*DATA FOR THIS TASK:*

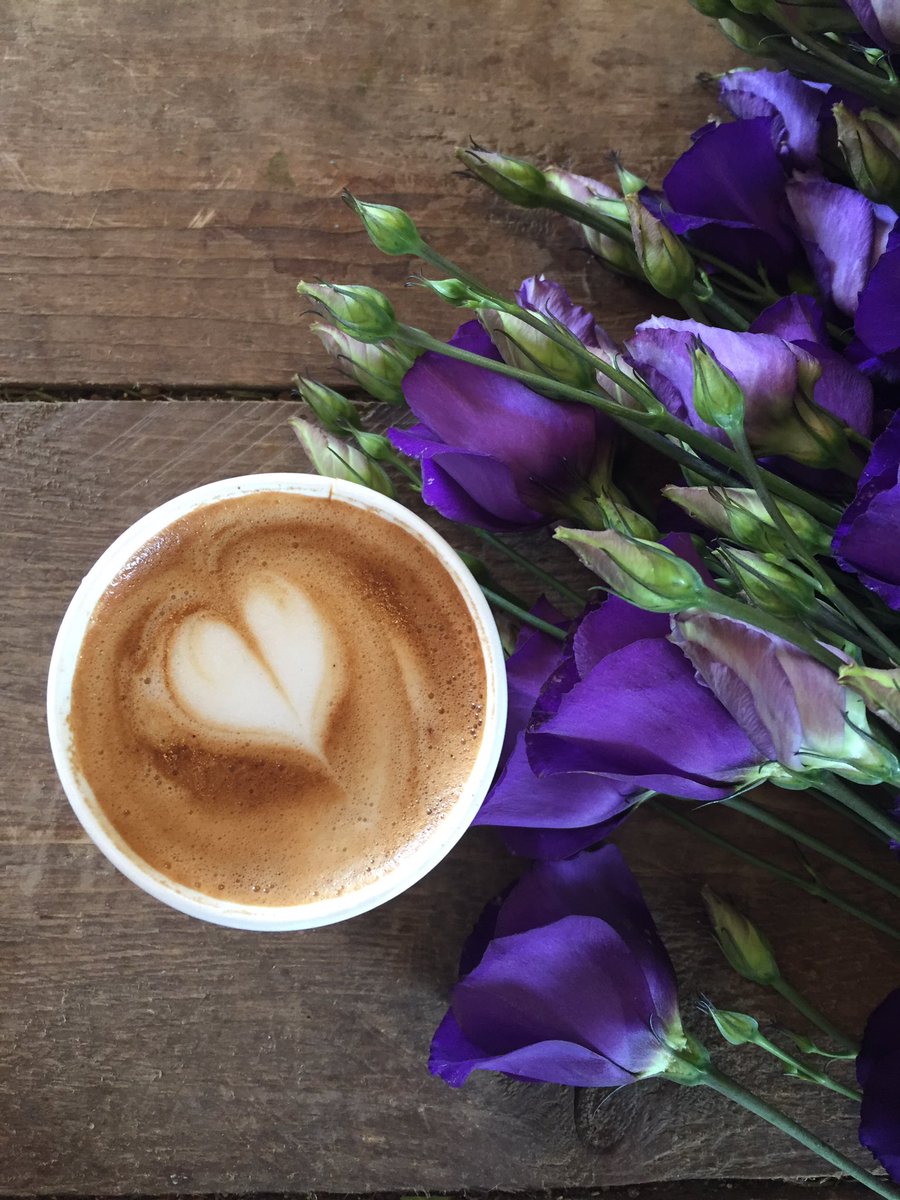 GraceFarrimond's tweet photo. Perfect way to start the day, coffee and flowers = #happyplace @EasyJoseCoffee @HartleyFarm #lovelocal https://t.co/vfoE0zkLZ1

* * *

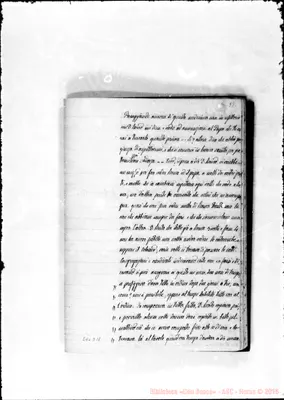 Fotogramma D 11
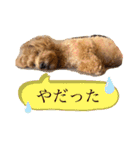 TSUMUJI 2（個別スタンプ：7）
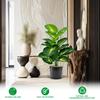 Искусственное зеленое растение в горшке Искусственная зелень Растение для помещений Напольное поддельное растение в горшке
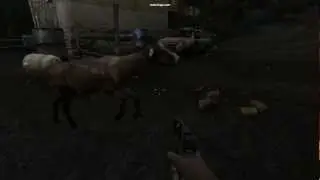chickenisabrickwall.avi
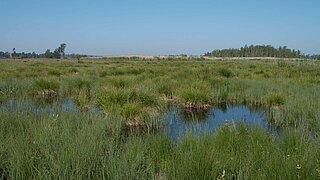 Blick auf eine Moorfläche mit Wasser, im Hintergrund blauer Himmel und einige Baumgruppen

*TASK DESCRIPTION:*
Give again, exactly as written above, every line from the one holding "Искусственное зеленое растение" to the one holding "Blick auf eine", with both ends kept and the pictures left out.

*YOUR SOLUTION:*
 Искусственное зеленое растение в горшке Искусственная зелень Растение для помещений Напольное поддельное растение в горшке
chickenisabrickwall.avi
 Blick auf eine Moorfläche mit Wasser, im Hintergrund blauer Himmel und einige Baumgruppen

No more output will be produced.